Using the data below, show every line where the word "Shoulder" occurs.

________

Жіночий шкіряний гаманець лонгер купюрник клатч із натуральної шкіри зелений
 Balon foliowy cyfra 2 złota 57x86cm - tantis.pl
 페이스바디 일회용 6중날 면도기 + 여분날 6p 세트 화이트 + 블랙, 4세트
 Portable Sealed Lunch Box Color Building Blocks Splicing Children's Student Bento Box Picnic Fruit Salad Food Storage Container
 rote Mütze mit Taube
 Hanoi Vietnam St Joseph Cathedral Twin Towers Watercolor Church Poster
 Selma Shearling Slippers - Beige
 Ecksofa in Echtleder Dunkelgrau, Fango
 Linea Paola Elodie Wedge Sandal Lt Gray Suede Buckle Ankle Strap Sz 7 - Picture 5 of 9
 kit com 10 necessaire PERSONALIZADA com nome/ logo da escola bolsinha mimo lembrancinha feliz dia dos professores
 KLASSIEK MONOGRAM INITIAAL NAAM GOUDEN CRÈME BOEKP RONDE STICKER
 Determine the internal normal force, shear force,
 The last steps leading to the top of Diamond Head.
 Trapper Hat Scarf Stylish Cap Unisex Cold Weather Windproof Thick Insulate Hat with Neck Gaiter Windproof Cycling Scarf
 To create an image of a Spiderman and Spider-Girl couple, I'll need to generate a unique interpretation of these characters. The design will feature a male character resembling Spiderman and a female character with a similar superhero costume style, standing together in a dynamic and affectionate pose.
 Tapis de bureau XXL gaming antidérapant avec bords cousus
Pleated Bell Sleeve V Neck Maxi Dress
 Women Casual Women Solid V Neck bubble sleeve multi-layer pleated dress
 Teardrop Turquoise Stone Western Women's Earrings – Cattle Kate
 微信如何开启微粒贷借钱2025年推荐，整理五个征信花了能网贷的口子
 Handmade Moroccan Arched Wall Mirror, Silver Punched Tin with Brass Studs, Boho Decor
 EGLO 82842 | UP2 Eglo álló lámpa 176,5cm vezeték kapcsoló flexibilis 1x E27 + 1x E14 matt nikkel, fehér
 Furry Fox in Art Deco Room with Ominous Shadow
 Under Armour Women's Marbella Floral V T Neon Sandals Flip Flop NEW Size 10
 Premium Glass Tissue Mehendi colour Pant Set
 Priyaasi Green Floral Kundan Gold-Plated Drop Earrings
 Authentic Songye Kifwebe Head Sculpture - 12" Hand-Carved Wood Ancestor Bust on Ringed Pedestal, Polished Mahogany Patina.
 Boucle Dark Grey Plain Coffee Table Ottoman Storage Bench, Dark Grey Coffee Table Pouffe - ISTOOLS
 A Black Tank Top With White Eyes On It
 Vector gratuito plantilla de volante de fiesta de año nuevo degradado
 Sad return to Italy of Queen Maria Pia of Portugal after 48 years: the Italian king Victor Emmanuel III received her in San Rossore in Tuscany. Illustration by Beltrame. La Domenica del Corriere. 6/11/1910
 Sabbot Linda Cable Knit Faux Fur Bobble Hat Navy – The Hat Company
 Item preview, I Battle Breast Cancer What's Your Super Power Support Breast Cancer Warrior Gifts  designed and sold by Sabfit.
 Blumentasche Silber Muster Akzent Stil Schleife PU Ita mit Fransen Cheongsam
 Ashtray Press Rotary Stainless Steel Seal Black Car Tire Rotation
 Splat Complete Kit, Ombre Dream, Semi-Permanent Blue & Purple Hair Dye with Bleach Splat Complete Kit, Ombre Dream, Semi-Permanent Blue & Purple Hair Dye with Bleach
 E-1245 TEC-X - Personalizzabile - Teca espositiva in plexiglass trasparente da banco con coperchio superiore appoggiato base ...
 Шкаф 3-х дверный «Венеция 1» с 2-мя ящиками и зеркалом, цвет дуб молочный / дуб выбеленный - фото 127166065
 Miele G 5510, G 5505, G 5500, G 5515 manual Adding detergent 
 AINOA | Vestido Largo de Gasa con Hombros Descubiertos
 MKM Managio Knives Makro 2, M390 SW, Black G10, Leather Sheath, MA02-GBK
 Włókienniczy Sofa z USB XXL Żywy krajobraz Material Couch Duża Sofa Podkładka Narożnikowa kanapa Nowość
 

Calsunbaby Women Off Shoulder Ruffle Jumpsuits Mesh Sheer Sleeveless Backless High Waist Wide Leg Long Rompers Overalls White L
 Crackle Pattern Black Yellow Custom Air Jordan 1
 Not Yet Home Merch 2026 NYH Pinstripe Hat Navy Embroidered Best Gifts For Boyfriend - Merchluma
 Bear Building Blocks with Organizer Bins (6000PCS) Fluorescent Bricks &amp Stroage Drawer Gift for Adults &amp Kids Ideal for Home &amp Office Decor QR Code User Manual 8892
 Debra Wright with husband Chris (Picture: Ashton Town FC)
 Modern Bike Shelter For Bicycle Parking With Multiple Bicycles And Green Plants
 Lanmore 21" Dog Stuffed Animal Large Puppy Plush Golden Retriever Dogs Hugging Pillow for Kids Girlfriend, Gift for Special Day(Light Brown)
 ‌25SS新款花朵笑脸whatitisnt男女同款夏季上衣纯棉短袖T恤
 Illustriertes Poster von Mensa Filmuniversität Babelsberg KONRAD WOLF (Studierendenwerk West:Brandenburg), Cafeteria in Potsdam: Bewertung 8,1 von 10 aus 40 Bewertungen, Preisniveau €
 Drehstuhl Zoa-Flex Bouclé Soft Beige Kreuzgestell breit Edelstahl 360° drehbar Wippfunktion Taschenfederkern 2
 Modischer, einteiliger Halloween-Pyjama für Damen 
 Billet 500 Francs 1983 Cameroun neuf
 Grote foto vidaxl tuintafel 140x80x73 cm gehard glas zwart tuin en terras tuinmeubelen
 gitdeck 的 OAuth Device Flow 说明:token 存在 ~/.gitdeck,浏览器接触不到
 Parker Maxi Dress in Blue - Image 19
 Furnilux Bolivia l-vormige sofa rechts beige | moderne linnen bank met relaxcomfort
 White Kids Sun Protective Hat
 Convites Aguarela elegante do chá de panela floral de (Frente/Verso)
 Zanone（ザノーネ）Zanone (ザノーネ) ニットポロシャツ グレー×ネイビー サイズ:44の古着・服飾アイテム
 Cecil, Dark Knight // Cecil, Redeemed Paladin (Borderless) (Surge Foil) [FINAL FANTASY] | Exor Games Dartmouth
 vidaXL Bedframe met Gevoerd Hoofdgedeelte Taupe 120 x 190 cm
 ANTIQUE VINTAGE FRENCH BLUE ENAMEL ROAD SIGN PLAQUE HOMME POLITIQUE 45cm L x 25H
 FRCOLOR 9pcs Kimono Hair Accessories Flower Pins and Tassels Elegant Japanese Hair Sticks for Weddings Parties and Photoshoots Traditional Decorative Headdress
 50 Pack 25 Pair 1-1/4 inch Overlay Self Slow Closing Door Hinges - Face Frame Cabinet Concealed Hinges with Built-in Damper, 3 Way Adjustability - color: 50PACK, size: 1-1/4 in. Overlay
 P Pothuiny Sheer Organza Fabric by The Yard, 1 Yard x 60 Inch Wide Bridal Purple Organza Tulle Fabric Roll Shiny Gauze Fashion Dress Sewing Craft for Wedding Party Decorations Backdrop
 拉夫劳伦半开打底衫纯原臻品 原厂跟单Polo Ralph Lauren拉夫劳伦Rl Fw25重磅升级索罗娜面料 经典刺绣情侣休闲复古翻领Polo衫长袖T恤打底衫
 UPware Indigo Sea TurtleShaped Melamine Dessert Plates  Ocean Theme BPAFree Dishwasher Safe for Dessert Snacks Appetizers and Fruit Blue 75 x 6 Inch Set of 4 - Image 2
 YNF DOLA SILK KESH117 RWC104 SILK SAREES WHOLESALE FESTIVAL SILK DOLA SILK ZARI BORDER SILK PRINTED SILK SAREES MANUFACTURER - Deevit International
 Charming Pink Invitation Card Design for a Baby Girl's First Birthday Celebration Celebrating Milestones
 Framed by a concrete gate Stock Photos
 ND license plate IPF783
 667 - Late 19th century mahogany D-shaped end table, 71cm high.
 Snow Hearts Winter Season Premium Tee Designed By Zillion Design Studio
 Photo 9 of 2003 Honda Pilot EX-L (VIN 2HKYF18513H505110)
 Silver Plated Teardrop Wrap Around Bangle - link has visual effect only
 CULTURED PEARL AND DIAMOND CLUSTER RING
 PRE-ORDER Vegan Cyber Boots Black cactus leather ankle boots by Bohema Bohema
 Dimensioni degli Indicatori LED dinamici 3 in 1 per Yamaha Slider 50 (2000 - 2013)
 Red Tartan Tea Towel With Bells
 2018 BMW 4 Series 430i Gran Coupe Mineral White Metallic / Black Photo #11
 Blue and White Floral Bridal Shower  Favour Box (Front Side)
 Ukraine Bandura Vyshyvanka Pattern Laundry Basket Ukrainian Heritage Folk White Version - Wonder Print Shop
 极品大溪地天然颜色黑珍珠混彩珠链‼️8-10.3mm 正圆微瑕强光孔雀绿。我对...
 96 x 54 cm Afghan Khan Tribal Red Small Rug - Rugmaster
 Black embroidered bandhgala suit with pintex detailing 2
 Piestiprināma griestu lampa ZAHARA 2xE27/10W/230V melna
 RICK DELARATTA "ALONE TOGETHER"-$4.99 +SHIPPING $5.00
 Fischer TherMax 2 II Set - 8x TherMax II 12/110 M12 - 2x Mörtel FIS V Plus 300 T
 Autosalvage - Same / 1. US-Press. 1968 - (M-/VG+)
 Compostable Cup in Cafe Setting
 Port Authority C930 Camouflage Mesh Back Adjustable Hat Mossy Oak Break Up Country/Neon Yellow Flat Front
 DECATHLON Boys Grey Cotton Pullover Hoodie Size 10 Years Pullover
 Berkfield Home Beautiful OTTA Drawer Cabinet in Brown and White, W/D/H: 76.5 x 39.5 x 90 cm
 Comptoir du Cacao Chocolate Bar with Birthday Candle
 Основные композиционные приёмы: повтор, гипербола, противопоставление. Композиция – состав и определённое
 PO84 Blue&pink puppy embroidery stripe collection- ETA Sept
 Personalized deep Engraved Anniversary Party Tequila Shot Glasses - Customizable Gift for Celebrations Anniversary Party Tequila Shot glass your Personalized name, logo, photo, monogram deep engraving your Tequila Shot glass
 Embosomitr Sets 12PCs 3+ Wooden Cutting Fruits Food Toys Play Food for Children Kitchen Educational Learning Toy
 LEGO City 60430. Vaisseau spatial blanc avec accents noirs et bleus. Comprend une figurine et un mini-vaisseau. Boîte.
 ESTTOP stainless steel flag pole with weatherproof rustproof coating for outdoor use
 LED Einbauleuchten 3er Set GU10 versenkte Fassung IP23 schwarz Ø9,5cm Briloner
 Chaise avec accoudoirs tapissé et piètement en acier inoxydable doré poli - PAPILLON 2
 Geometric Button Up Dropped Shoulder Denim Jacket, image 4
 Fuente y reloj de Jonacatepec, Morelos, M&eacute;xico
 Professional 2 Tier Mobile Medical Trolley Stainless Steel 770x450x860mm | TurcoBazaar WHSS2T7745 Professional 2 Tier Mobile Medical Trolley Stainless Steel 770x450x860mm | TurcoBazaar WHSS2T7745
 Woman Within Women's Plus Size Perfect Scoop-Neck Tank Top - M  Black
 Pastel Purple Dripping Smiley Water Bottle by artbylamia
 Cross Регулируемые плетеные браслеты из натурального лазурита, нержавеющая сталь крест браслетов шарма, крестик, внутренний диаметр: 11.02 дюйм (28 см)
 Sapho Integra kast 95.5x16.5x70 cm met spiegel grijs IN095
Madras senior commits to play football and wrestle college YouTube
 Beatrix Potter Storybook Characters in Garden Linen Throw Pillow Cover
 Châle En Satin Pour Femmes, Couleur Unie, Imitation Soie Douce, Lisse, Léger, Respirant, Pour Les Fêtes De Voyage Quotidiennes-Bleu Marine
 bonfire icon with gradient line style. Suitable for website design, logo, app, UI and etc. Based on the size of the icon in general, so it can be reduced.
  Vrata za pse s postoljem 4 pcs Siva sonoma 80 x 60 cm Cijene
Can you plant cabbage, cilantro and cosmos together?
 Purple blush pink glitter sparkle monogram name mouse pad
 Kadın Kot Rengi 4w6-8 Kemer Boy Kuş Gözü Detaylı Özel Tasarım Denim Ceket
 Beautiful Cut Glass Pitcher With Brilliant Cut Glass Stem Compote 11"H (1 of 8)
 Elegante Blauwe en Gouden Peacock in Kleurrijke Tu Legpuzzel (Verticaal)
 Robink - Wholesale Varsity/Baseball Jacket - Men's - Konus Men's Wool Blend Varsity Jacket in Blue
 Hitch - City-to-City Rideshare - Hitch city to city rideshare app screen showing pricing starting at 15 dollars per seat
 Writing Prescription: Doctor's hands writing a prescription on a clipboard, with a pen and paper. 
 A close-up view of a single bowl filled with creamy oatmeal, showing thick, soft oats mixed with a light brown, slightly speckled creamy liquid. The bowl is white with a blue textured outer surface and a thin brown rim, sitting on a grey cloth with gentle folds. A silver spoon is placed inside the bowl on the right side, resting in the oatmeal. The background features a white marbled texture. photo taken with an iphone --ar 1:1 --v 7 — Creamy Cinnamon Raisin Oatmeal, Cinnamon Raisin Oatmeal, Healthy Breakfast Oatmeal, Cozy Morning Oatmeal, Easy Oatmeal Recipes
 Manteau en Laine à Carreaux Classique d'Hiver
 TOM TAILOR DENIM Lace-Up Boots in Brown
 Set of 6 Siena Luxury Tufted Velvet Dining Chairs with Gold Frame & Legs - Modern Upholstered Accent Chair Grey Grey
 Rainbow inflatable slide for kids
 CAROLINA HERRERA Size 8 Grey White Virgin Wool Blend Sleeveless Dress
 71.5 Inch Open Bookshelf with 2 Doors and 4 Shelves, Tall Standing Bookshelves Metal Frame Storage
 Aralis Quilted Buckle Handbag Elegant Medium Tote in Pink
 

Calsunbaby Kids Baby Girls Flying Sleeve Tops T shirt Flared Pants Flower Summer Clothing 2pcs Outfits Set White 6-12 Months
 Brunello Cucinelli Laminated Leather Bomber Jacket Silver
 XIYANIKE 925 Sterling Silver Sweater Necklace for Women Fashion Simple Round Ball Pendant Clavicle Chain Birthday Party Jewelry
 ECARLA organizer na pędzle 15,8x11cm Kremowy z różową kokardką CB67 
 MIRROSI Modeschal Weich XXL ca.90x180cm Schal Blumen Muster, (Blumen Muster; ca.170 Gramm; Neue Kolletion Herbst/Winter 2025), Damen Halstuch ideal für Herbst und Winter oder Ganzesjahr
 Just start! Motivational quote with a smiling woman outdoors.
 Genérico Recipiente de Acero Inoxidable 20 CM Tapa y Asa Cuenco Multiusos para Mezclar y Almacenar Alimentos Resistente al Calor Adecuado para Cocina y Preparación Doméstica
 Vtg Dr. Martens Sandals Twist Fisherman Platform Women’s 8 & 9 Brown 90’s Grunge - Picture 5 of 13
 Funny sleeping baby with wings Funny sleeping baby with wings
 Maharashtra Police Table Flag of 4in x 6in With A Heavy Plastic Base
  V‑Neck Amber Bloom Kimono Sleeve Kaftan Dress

________

__Response__.
Calsunbaby Women Off Shoulder Ruffle Jumpsuits Mesh Sheer Sleeveless Backless High Waist Wide Leg Long Rompers Overalls White L
 Geometric Button Up Dropped Shoulder Denim Jacket, image 4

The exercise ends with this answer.